Il y a un chemin entre ce à quoi vous pensez et ce que vous exprimez, stylistiquement parlant...

On s’aide évidemment de différentes inspirations - la mode, c’est de l’art appliqué après tout -, et ce sont ces inspirations qu’on exprime dans notre travail et qui vont traduire des sentiments, des sensations, une attitude, une position Le plus dur est de communiquer cette série de choses, qu’il faut transmettre par le truchement du vêtement. De significations en significations, c’est ce qui est signifiant - pour les autres et pour soi-même - que l’on tente d’exprimer à travers la mode.

Mais la morale, c’est que l’on ne gère pas vraiment ce qu’on exprime, il y a une part d’aléatoire, on ne gère pas toujours ce qui va arriver.

Amusant de se dire que le créateur (pas comme LE Créateur) ne maîtrise pas tout… La création est sans cesse un processus en cours.

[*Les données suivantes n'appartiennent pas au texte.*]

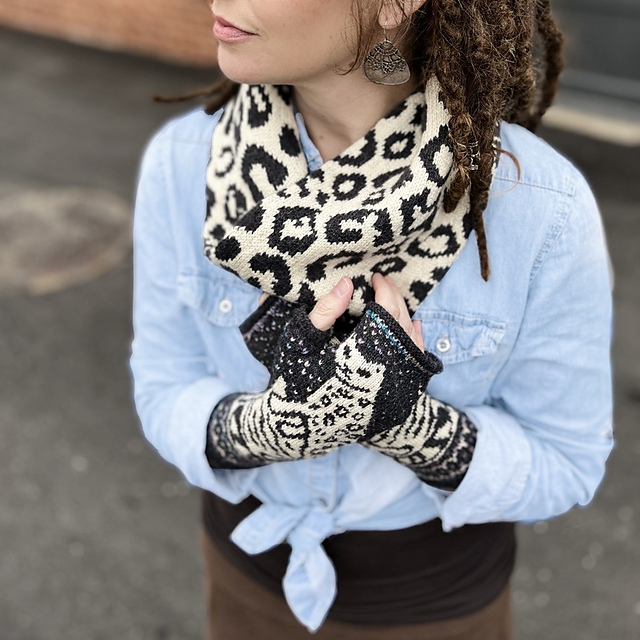 Snow Leopard Cowl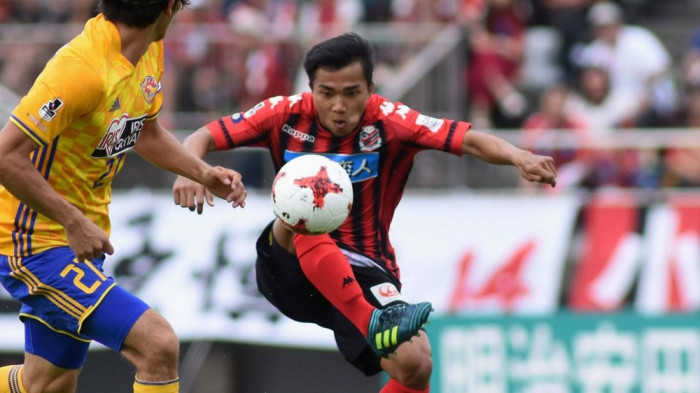 Soi kèo Sagan Tosu - Consadole Sapporo, 18h00 ngày 2/5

Quand on développe une collection, il y a des choses qui nous apparaissent, mais tout n’est pas prédéterminé. Et puis, en général, la création de collection se fait en équipe, donc il va se passer quelque chose d’inattendu.

Le grand public, lorsqu’il voit le défilé de la Cambre, ou celui d’Anvers, questionne grandement ce qu’il voit, entre interrogation et choc total, car cet aspect de la création est éloigné de sa propre représentation de la mode. On entend souvent que c’est importable et juste un peu fou.

Pour moi, tout garde un sens, mais c’est propre à chaque designer. Cependant dire ou croire qu’il n’y a pas de sens, c’est compliqué. Même s’il n’y a pas toujours de sens théorique, il y a toujours une réflexion.

La mode ne nécessite donc pas de mode d’emploi…

La mode, c’est proposer une vision, et ensuite chacun en fait ce qu’il veut. Le client, en achetant, s’exprime autant que le designer qui fait la mode.